#### PROVIDED INFORMATION ####
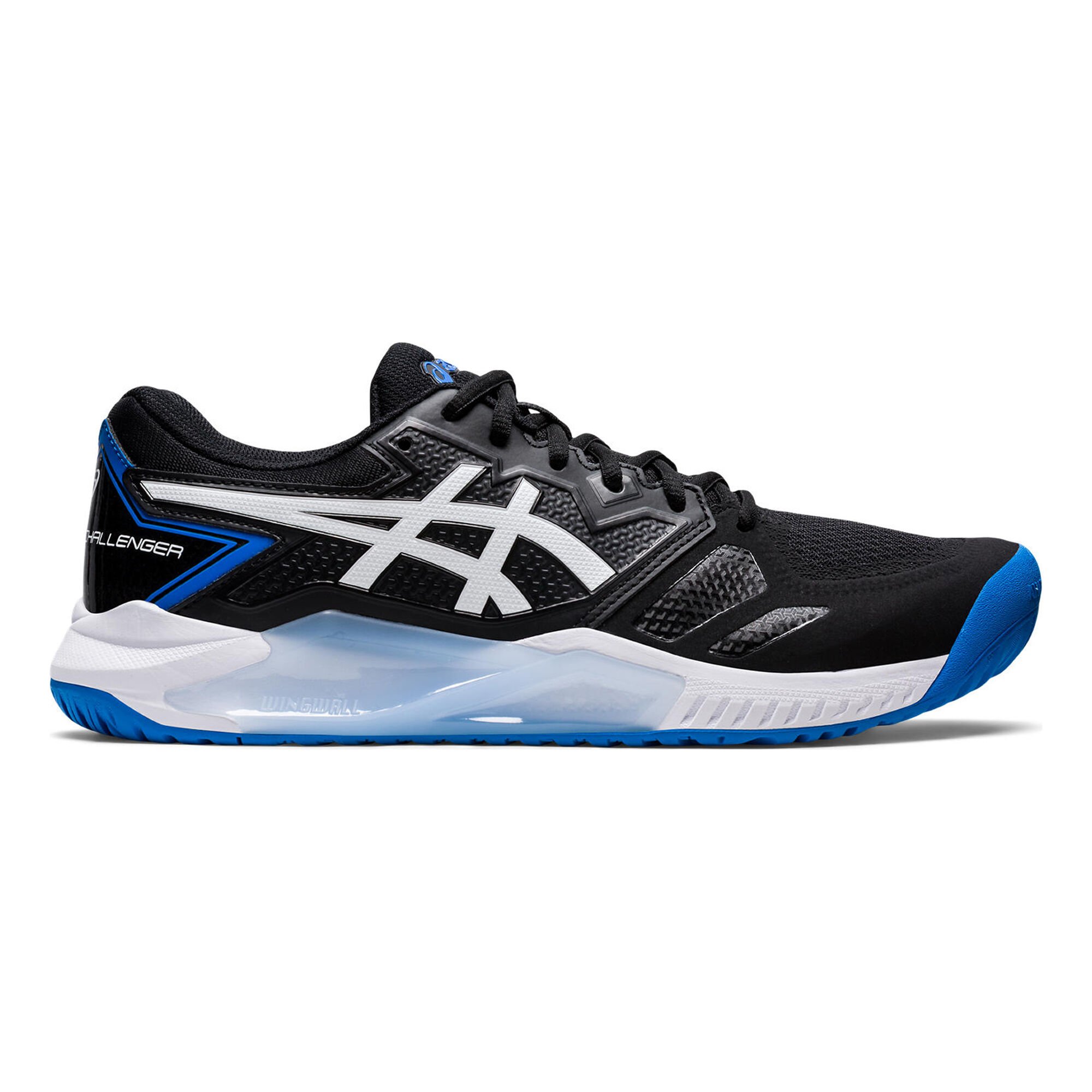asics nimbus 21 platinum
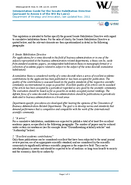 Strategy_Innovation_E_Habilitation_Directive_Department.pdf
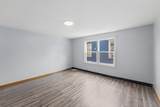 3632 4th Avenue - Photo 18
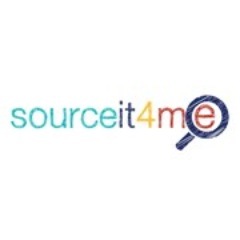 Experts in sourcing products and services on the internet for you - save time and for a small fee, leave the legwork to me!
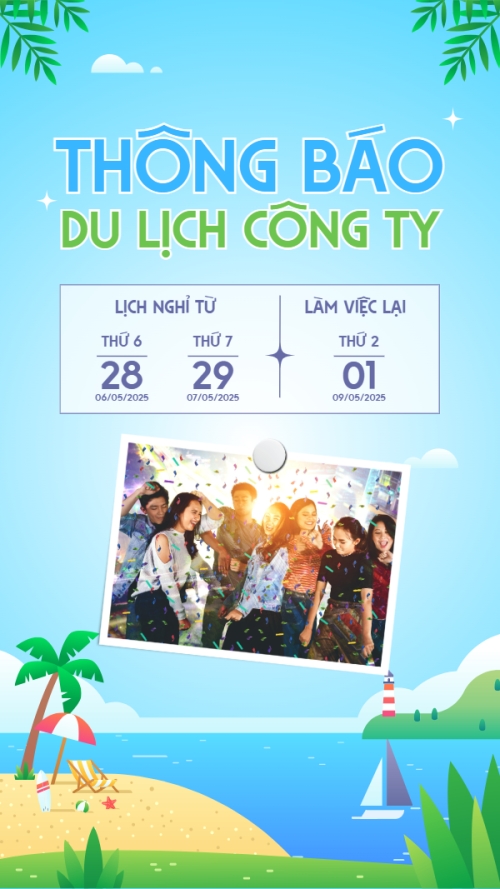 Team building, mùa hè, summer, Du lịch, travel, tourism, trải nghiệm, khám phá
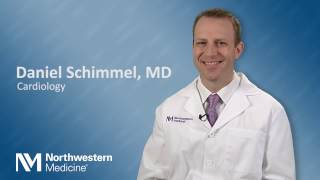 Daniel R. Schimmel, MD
####
- TRY IT:
What is needed here is an exact transcript of the data above, pictures excluded.

- RESPONSE AREA:
asics nimbus 21 platinum
 Strategy_Innovation_E_Habilitation_Directive_Department.pdf
 3632 4th Avenue - Photo 18
 Experts in sourcing products and services on the internet for you - save time and for a small fee, leave the legwork to me!
 Team building, mùa hè, summer, Du lịch, travel, tourism, trải nghiệm, khám phá
 Daniel R. Schimmel, MD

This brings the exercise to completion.